All’uscita, insieme alla luce, senti che questo viaggio nella città nascosta cambierà d’ora in poi, la visuale con cui osservi le cose, le persone, la vita che ti scorre accanto.

Sì, quello spazio buio, quello spazio caleidoscopico di verità sconosciute che si è acceso con le immagini, che si è animato con le voci e la musica, quei volti da cui trasudano le storie sconosciute su cui si fissano tracce di speranza e angoscia insieme è stato un percorso di crescita.

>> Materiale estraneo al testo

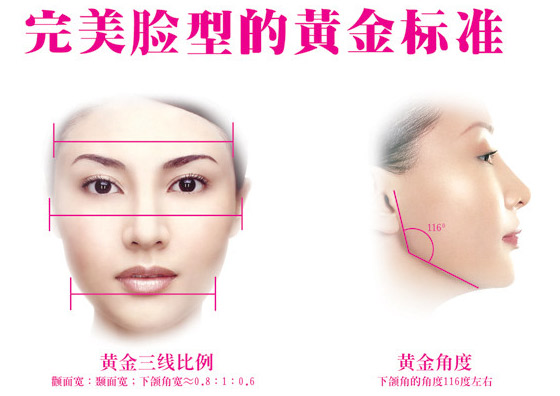 下颌角的美学标準 下颌角的美学标準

Annibale – La presentazione

Alla presentazione della mostra prima dell’inaugurazione di venerdì 7 febbraio Mario Magnelli, vicepresidente della Fondazione di Piacenza e Vigevano ha espresso apprezzamento per la volontà e l’impegno dei tre collettivi nell’elaborare, per la prima volta, un percorso condiviso. La direttrice di XNL Arte Paola Nicolin nell’introduzione ha ricordato che il progetto  si inserisce in un percorso che XNL ha iniziato tempo fa per dar voce agli sguardi sulla città e il suo territorio. Il valore d Rete Culturai è stato il concetto sottolineato anche dall’assessore comunale Cristian Fiazza

Anche gli autori, in quella stessa occasione, hanno sottolineato lo specifico di una città di confine intesa fin da Annibale come città di passo. Dove si arriva si lascia qualcosa e poi si riparte.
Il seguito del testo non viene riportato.